Security experts might think that the consequence of getting hacked is higher than the risk of disruptive updates, but broken updates seem to be far more common than intrusions. At the end of the day, this results in gut decision-making based on anecdotal evidence. When that’s not the case and a more formal risk management process is employed by management, leaders will think about the issue in terms of likelihood as well as consequence. A security engineer might shout, “What about Home Depot? What about OPM?” But their managers don’t believe they are explicitly exposed to the risk. The security community’s risk assessments are usually neither succinct nor accurate. The consequences of intrusions, for many people, amount to little more than a bit of frustration - a new credit card, or monthly reports from an identity protection monitoring agency. The consequences just aren’t personal, but the costs of prevention are.

Trust for software vendors’ ability to support their systems is so low that people don’t care about hackers and intrusion.
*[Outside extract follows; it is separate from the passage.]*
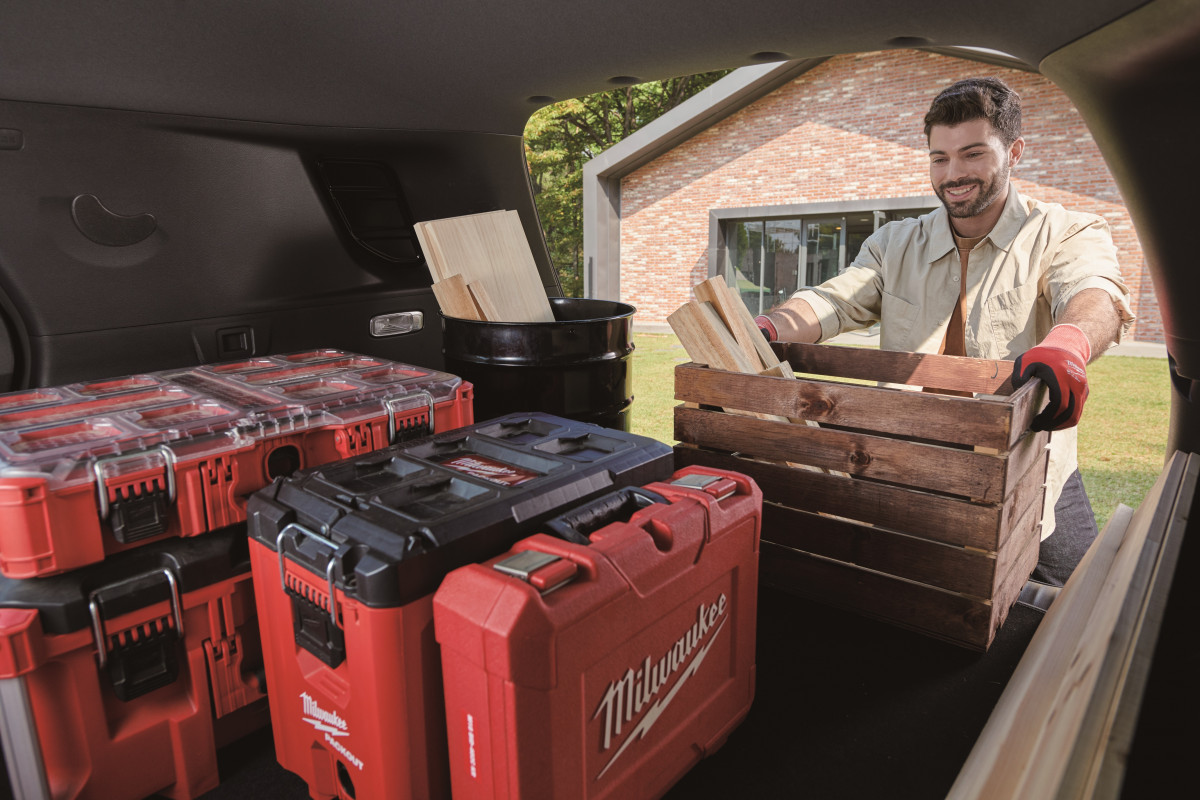 Torres EVX VAN (2)
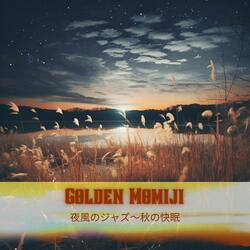Quiet Nightfall Melodies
Open source operating systems like Debian and FreeBSD moved in the right direction years ago. Security updates are isolated out-of-band from feature updates. That new whizbang framework that came out this month doesn’t affect the workflow of the users of most systems. The framework might be necessary to support some new product, but if the user doesn’t own that product, that framework or API update is unnecessary. Pushing that sort of stuff as part of automatic updates often amounts to little more than treating users as beta testers. This might be one of the reasons people were so reluctant to accept Microsoft’s free upgrade to Windows 10 - because Windows 7 had aged to the point where Microsoft finally stopped pushing disruptive updates, and the workflow-breaking Windows 8/Metro changes aren’t remembered fondly. Beyond that, there are a number of technologies that have so many vulnerabilities that they seem broken by design. This is one reason I am very happy that Chrome and Edge both have built-in PDF viewers - so that users don’t have to install Acrobat. Likewise, now that we have ubiquitous support for WebAssembly, ES6, and WebGL, there’s no reason to support Flash or Java.

Lastly, there’s the configuration management perspective. Plenty of patch advocates talk about how organizations can set up deployment life cycles where patches first enter test environments, go through validation, and then are implemented via a rolling push. Not only is this approach difficult to implement, once implemented, it usually has the same problems as automated patching. Simply put, most IT groups are not able to do a good job of identifying whether a patch breaks a workflow no matter how much time they are given. It’s a simple matter that system administrators generally lack the domain expertise of the users they support. There are exceptions to this, of course, but my experience is that the majority of security engineers don’t have the right skill set - a Security+/CISSP does not quality someone to determine that the latest Patch Tuesday doesn’t break Vivado.

Vendors must learn to earn trust from the users. This might require government regulation - for example, requiring vendors to provide security patches for certain classes of software (like commercial off the shelf and ad-supported proprietary software) via a channel that only addresses security vulnerabilities - a sort of “maintenance” channel (like some of the UNIX systems of yore) that is freely accessible, enabled by default, and guaranteed to be available for some period of time (say, 7 years) after the product is last sold. This might also mean that governmental organizations could be more actively involved in absorbing the costs of finding and testing fixes, meanwhile vendors need to charge prices for products commensurate with the appropriate level of support required to solve this problem.

SUMMARY: Systems don’t get patched because vendors (and system administrators) have repeatedly broken trust with their customers by repeatedly shipping and deploying unnecessarily disruptive updates. Not patching is a rational decision, and fixing a cycle of broken trust is paramount to changing that decision.

Home


  1. I do patch. But I also try to only use technologies where patching does not routinely break workflow.